Pakistan became less and less viable as it converged on sharia. Jihad used to be the grand Islamic subterfuge, confusing the world about war and ‘peaceful effort’; now it is straightforward qital (killing). It used to be accepted that jihad could only be declared by the state. Now it is consensually privatized and internationalized, thus undermining a fundamental function of the state. On the law of evidence, if a scholar leans on the Quranic text to challenge the clergy on the half testimony of a Muslim woman, he is told to shut up because sharia has already decided the matter. Sharia is what fiqh (Islamic jurisprudence) makes of the Quran and Sunnah. An Egyptian professor at the Saudi-funded International Islamic University of Islamabad contended that infibulation (female circumcision) was sharia in Egypt, under the practiced Shafi’i fiqh, but banned ‘wrongly’ under the official Hanafi fiqh.

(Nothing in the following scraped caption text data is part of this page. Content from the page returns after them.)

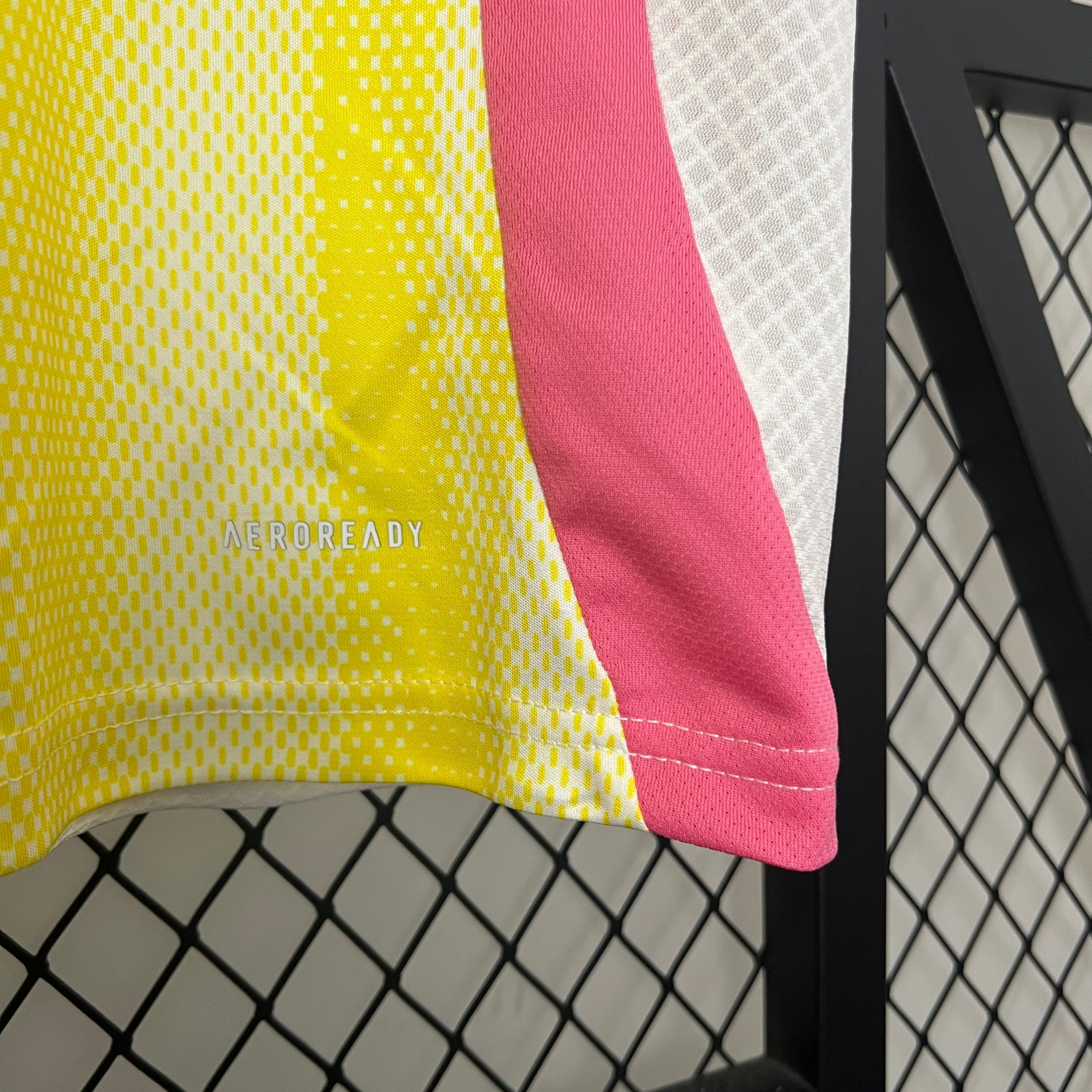 Juventus 24-25 Away - Image 5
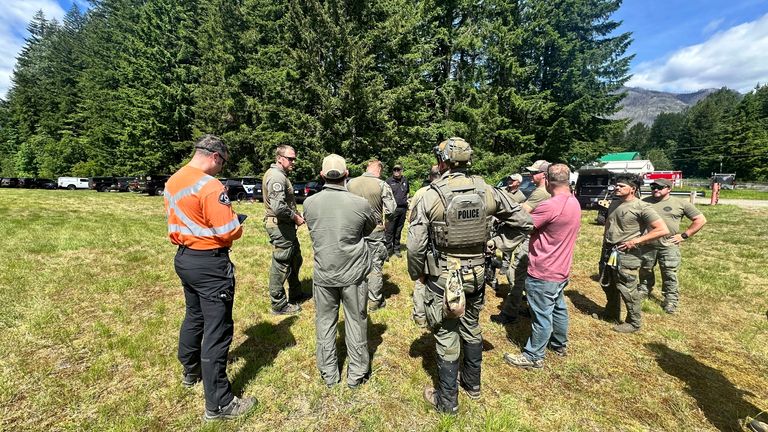 Poslanci šerifů Snohomish County se účastní hledání Travis Decker. Obrázek: Office šerifa Snohomish County/AP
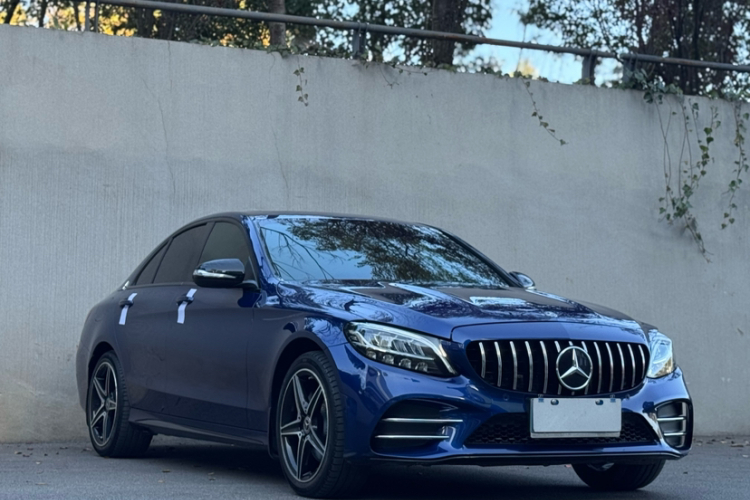 奔驰C级 2020款 改款 C 260 运动版车身外观6003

… An Islamic state intent on a sharia-based revolution embraces isolationism as its programme, almost like the Stalinist slogan of socialism-in-one-country. After 1947, the state misunderstood itself as a castle of Islam. It fondly thought of itself as a society cut-off—that is what the word ‘castle’ means—from the rest of the world, with an ability to stand up to hostile sieges. It also presaged the totalitarianism of the clergy after the ‘modern’ state was overthrown. Pakistan also allowed the transnational concept of the umma to inform its ideology. It acknowledged that the concept of the nation state was not compatible with its teleology because of the concept of umma.
When it tested its first atom bomb, the state of Pakistan could not for long keep up the pretended doctrine that it was India- specific. It was soon acclaimed as an Islamic bomb, a transnational weapon that would threaten not only India but many other states across the globe. The moment it became a religious bomb, its transformation into a sectarian one was inevitable. Many respectable scholars believe that Pakistan’s Sunni bomb caused Iran’s Shia bomb to be produced. Just as a religious state Pakistan cannot avoid becoming a sectarian one, conceptually, its bomb too threatens Iran, in addition to threatening the entire non- Muslim world.
The terrorist outreach of political Islam is being opposed by strong powers that have the capacity to strike at its incubation grounds. If this polarity is interpreted as Christianity versus Islam, then Islam doesn’t benefit from the neutrality of the non- Christian world either. In fact, the non-Christian world feels equally threatened and is inclined to forget its contradictions with the dominant Christian powers, seeking to form an alliance with it to confront Islam. Given this near-total opposition of the world, political Islam, thriving on lack of secular education, has little chance of surviving as a winning force. Political Islam can only eat its own children.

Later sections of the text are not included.